Impacts of increased atmospheric temperature and livestock grazing on plant communities and soil processes
Researchers: Dr. Brenda Casper, Dr. Brent Helliker, Dr. Pierre Liancourt, Dr. Laura A. Spence, Dr. Alain Plante
The impacts of overgrazing on soils and plant communities are obvious in the Hövsgöl Basin. Soil humus, exchangeable Ca and NO3 have declined in heavily grazed pastures. Grazers reduce plant biomass, cause soil compaction, and increase the surface area of bare soil, all of which elevate daytime soil temperatures. Heavy grazing also increases forbs abundance, apparently because grasses, sedges and mosses are selectively removed and because forbs respond more positively to increased soil temperatures. For these reasons, we hypothesize that atmospheric temperature increases associated with global climate change will affect heavily grazed pastures more strongly than lightly grazed pastures.
Our experiment examines how further increases in atmospheric temperature and livestock grazing will affect plant communities and soil processes. Passively heated greenhouses are being placed in heavily and lightly grazed areas in order to raise soil and air temperatures. The greenhouses are open topped chambers (OTC's) constructed of a fiberglass material that transmits visible but not infrared radiation. The 35 cm tall hexagonal chambers have sides angled at 60 degrees so that the top opening is smaller than the bottom, which measure 1.1 m across. Similar chambers have been used in the Arctic and alpine and depending on the design, OTC's raise air temperatures between 1.2 and 2.0°C. At several heavily and lightly grazed sites, we are installing warming OTC's and control OTC's, which transmit both visible and infrared radiation. Some chambers will be fenced to exclude large vertebrate grazers. The chambers will be left in place for four growing seasons and repaired as needed. Every 30 min. during the growing season, air temperature and humidity are measured in all OTC's about 13 cm above ground, and soil temperature is measured at 5 cm below the surface using Hobo® sensors and data loggers. In the summer of 2012, we will take destructive measurements to examine changes in plant communities and soil carbon. This design will enable us to examine the interaction of grazing and climate change.

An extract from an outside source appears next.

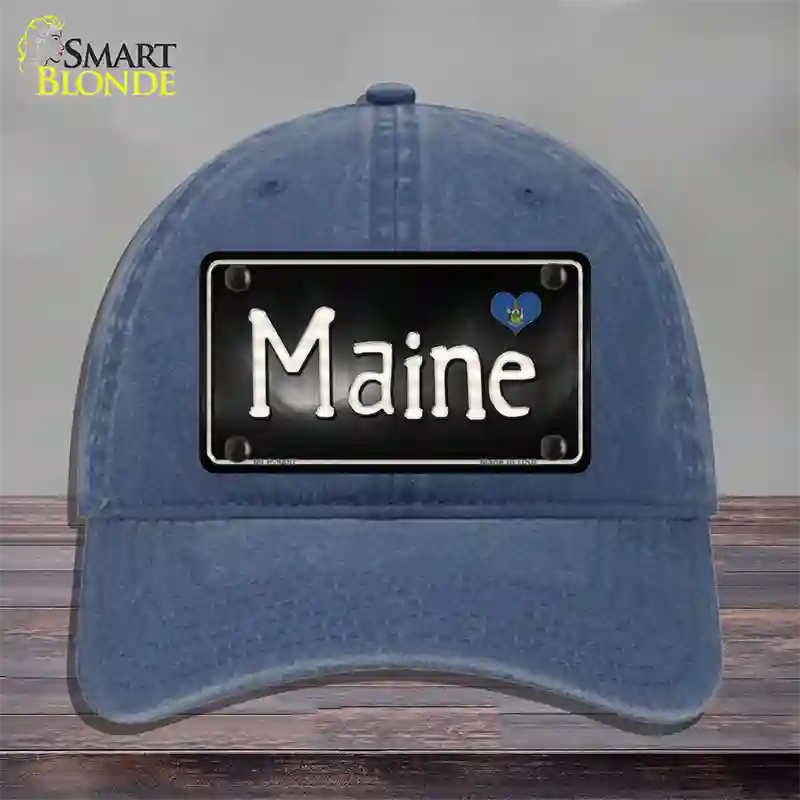 Maine Flag Script Novelty License Plate Hat Unconstructed Cotton / Navy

Permafrost results in a large amount of persistent soil organic matter (SOM). It is expected that an increase in warming or growing season length will increase decomposition of SOM and rates of soil respiration, which can lead to further increases in atmospheric CO2. Thus, we measure soil respiration monthly during the growing season in a closed gas exchange system. Each year, we measure the effect of elevated temperature on litter decomposition by placing a weighed amount of dead leaf material, representative of vegetation in the chamber, in nylon mesh bags attached to the soil surface and then reweighing at appropriate intervals. Similar decomposition studies were done as part of the GEF project, and our studies expand upon the GEF experiments.